* **Task details**
Nothing but the lines from the one with "DUAS FAZENDAS A VENDA COM 12 E 32 ALQUEIRES" through the end of the records may appear in the answer, each reproduced exactly, pictures omitted.

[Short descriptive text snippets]
****************
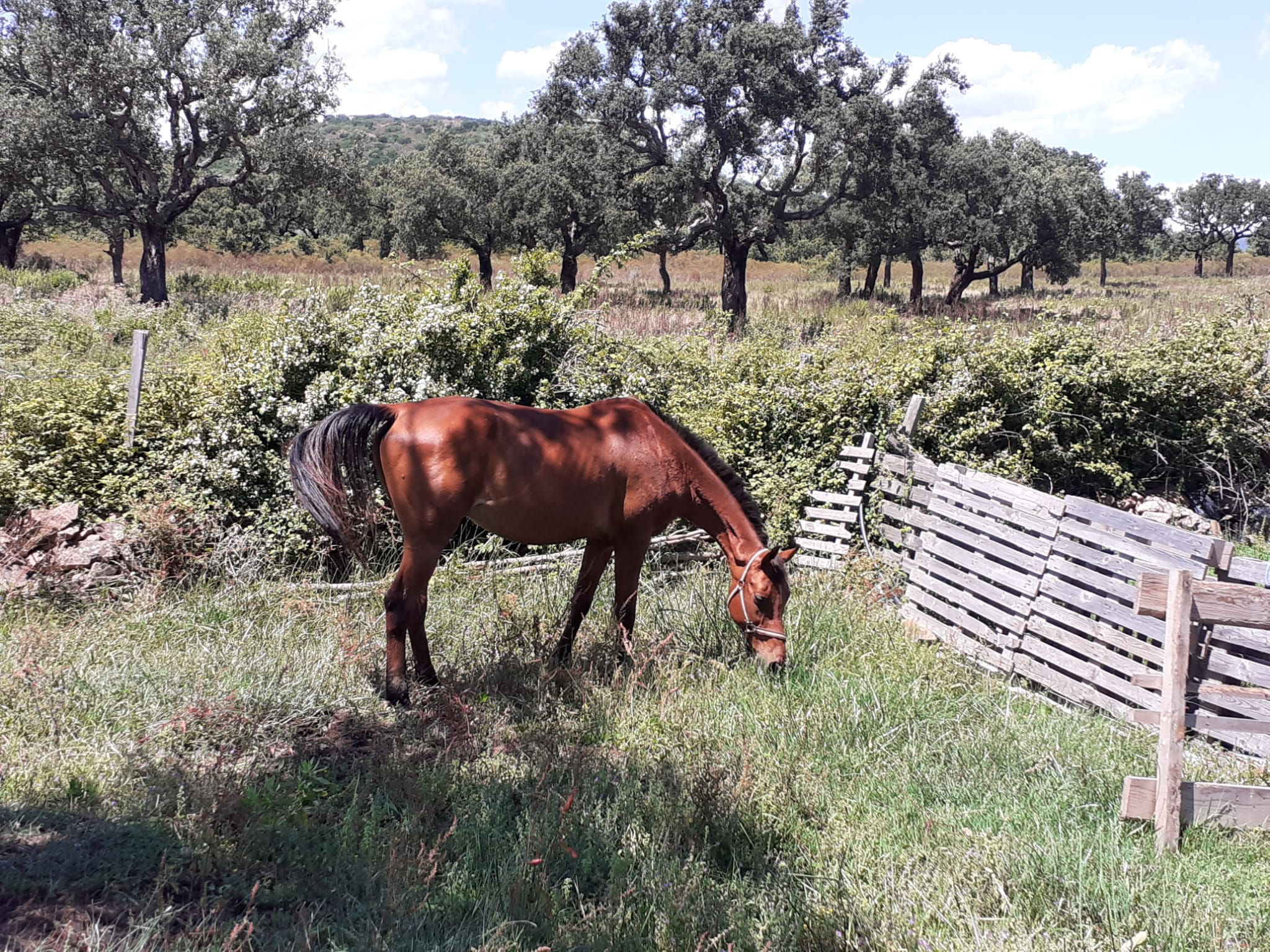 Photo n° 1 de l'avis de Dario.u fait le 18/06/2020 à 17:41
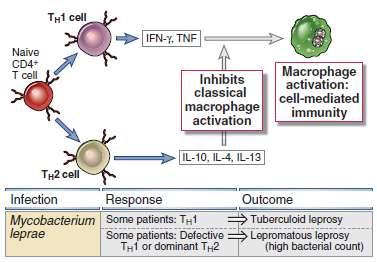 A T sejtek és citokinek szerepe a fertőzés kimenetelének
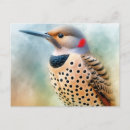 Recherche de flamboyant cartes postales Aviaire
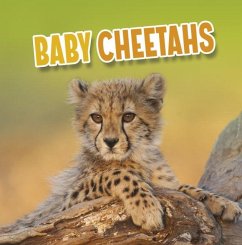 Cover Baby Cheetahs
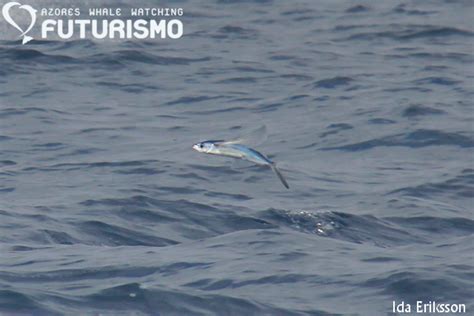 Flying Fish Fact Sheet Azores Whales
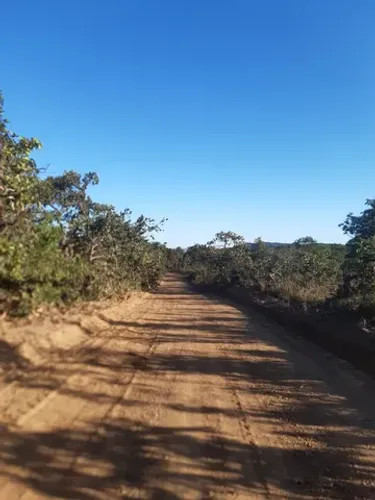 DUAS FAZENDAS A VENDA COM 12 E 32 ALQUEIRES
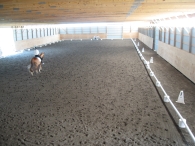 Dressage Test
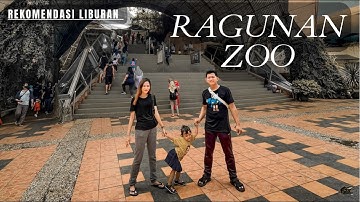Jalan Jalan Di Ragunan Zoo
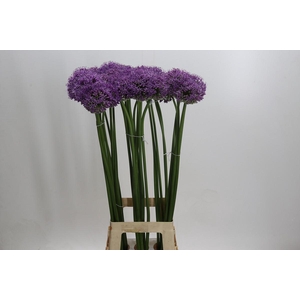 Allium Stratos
****************
* **Exercise result**
 DUAS FAZENDAS A VENDA COM 12 E 32 ALQUEIRES
 Dressage Test
Jalan Jalan Di Ragunan Zoo
 Allium Stratos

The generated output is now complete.